Did Rejcha consider his departure from his homeland to be emigration or a natural journey in search of education and experience?

In Rejcha's day Czech musicians were found in all the orchestras of Europe, and not just horn-players, who had always been known as 'export articles'. For Rejcha that was not as big a step as it might seem to us today; he simply went where there was work. He was young, curious, wanted to learn, enjoyed getting to know foreign lands that had a certain magic. Perhaps he was more of a European than most of us.
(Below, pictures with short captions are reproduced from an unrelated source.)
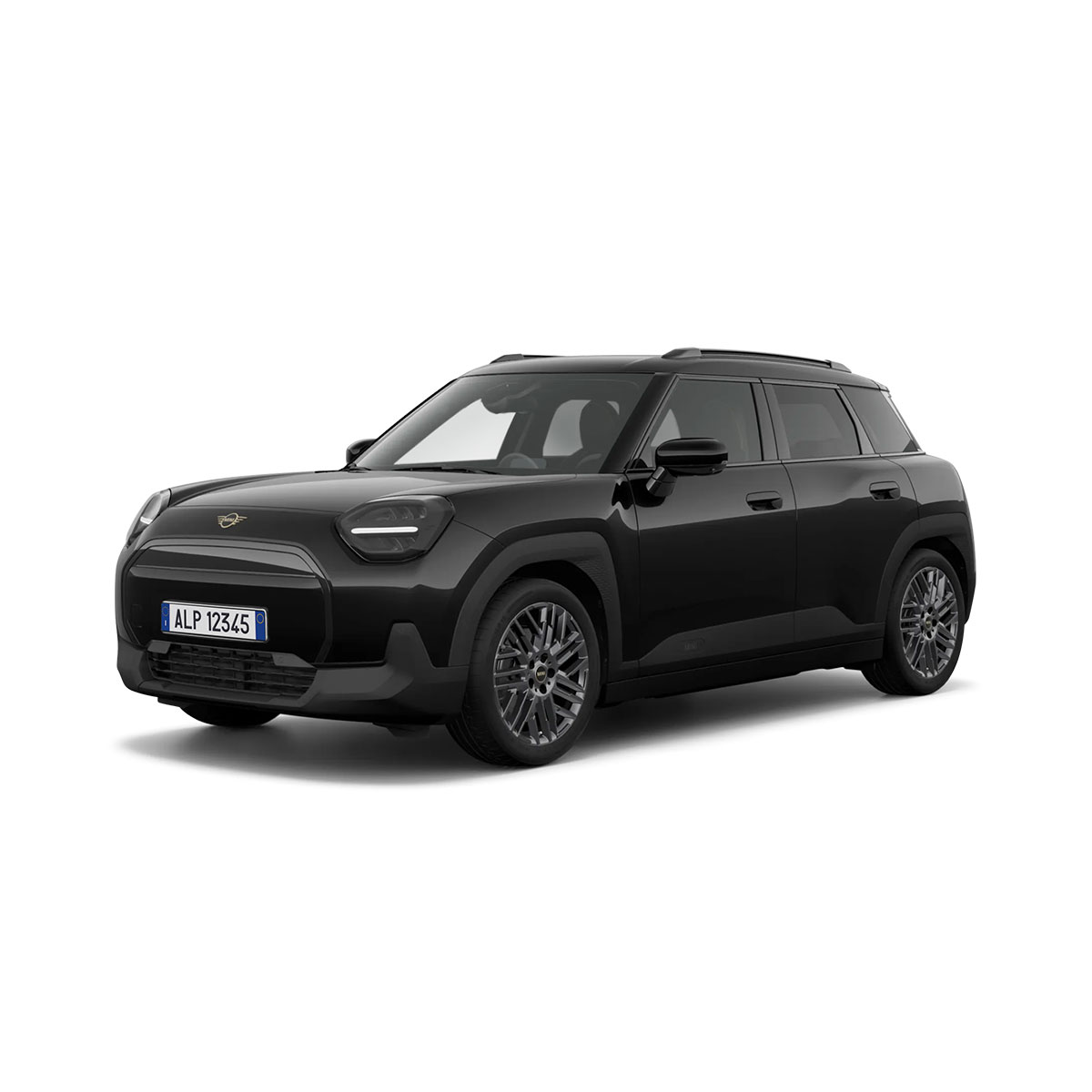 MINI Aceman E Blackyard 184CV. SUV compatto 100% elettrico, ideale per il noleggio a lungo termine e la mobilità urbana e aziendale sostenibile.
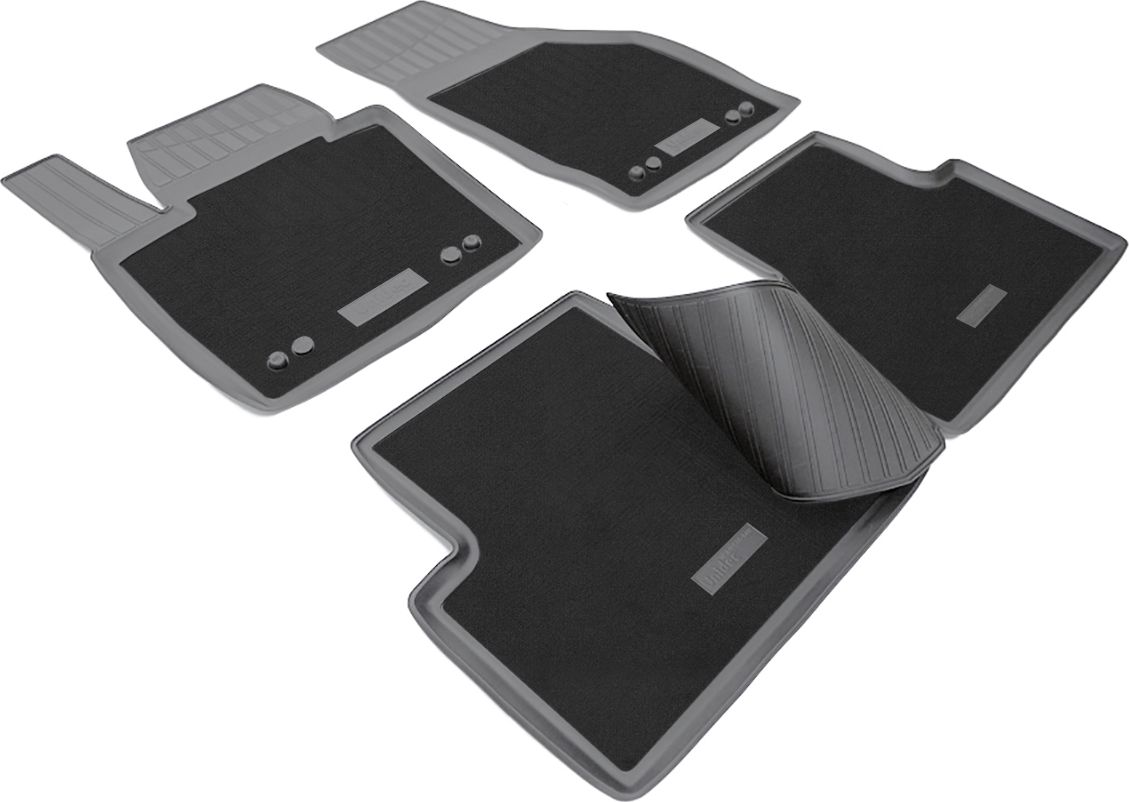 Коврики Норпласт комбинированные для салона Audi Q3 8U 2011-2018. Артикул NPA11-C05-600-CM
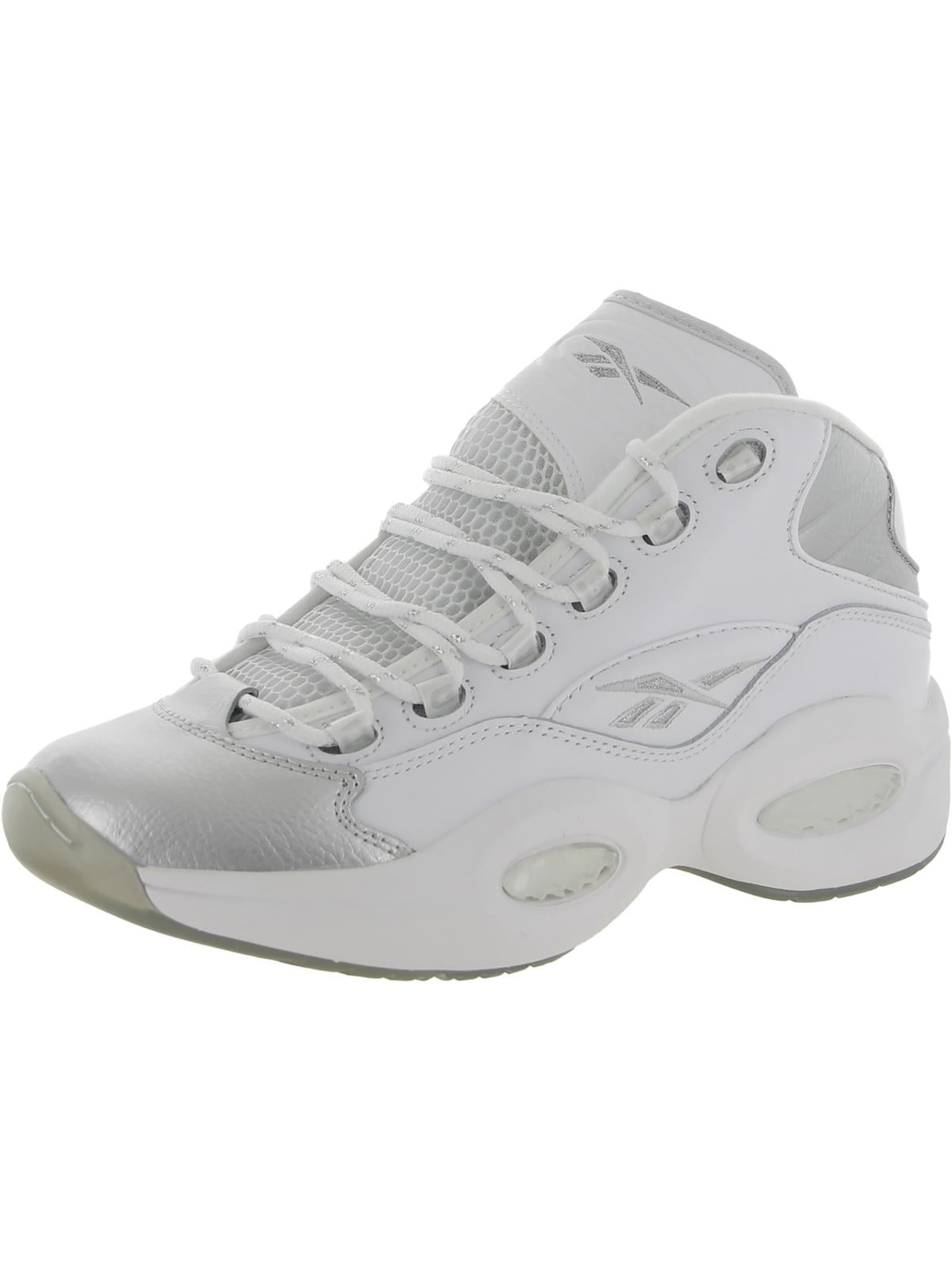 Reebok Mens Question Mid Fitness Workout Basketball Shoes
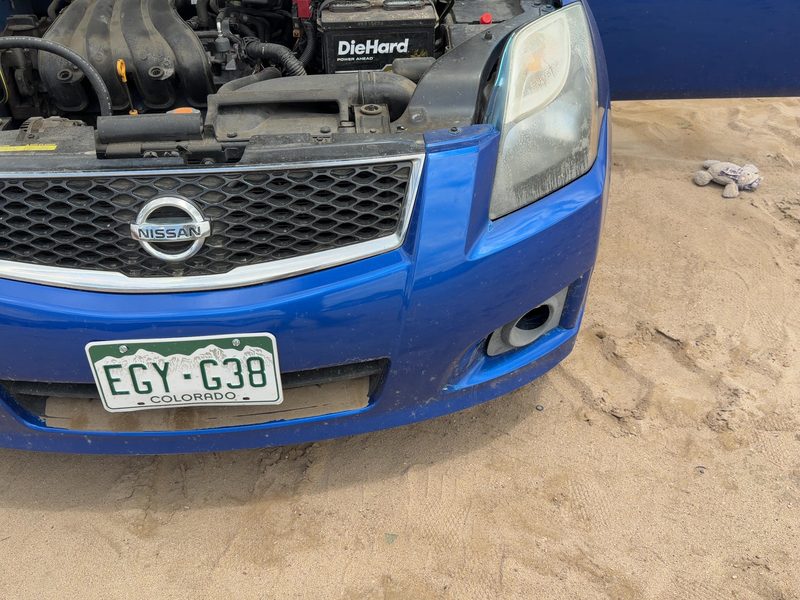 2007-2012 Nissan Sentra Front Bumper Assy.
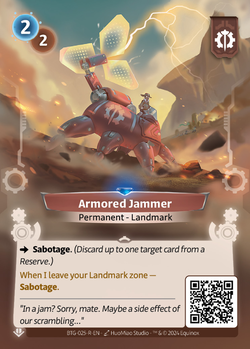 Armored Jammer R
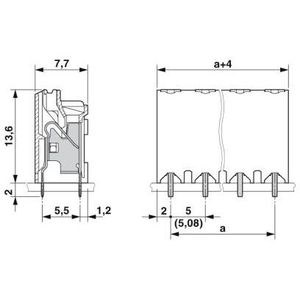 SPT-THR 1,5/ 2-V-5,08 P20 R24 - Phoenix Contact - 1823528 - изображение 4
Did he never return to Bohemia?

Yes, he returned to Prague, where his mother lived, but nothing else bound him to that town. That seems logical to me: as a child he had lost his father, his uncle replaced his father, and so Rejcha kept close to him. We shouldn't make this a subject of nationalism, with an implication that, say, Rejcha parted with the Bohemian Lands and now, two hundred years later, we are trying to answer the question of whether he should be considered a Czech.

What is your relationship to Czech music?

I have no ancestors from Bohemia or any other ties to the country. This is my tenth year living in Bohemia. I have no relationship to the music other than that it's close to me and the country has also become close to my heart. Naturally I know the history of Czech music, but all the facts still do not help one to understand its spirit. One has to have that inside oneself.

Did Rejcha have any models?

He certainly did. In his early years one such model was his uncle, who showed him how to find his bearings in music in order to make a decent living. Then, as a young man, his teacher, Neefe, was his model and all music seemed like a model to him, for instance Bach's and Haydn's. Above all, in Joseph Haydn he saw a life-long model, and dedicated many of his own compositions to him; he even became friends with Haydn. That doesn't surprise me at all, because Rejcha was fighting for the same ideals as Haydn, who also wanted to instil the old forms with new content.

Is that true also for the flute quartets recorded on this CD?

Perhaps in no other composition is that more obvious than in Op. 98, if one doesn't include the fugues for piano. In the Foreword to these quartets Rejcha wrote that he'd composed these pieces in the style of Haydn and had wanted to write genuine quartets rather than solos for flute with string accompaniment. That, of course, means only the form; the content is Rejcha's.

As always, so on this CD, too, you've used original instruments. Is the result authentic?

This recording does not aspire to be, and cannot be, authentic. But, in the selection of instruments, Vaclav, Ivan, Hana, and I have tried to achieve Rejcha's ideal sound. The flute that is used here has one valve, because in the years around 1800 all flute schools in Paris were promoting single-valve instruments. This one, however, is a copy; the string instruments are originals.

Is Antonin Rejcha merely a forgotten composer or is he relevant today?

Above my desk hangs a large picture frame, containing a piece of green paper with a quotation of tremendous wisdom. It is a quotation with a warning and it is surprising for its timelessness; two hundred years after it was made it has not lost any of its meaning. The quotation is embarrassing, because it shows us where we are. It goes: 'When art achieves a high degree of perfection, when it becomes the property of a nation, when the whole world, in fact, is concerned with it, then it has also reached the point where it begins to go backwards. People lose their sense of taste, misuse art and their own talent. That is the beginning of the realm of exaggeration and false splendour. Art is degraded and desecrated. It is a misfortune that one's hearing becomes accustomed in equal measure to bad music as well as to good. For everybody to consider himself to possess infallible judgement is not only laughable; it is also extremely detrimental to art. Composers who depend on public opinion sacrifice their interest in art in order to appeal to the crowd.' These words were written in 1813 by none other than Antonin Rejcha.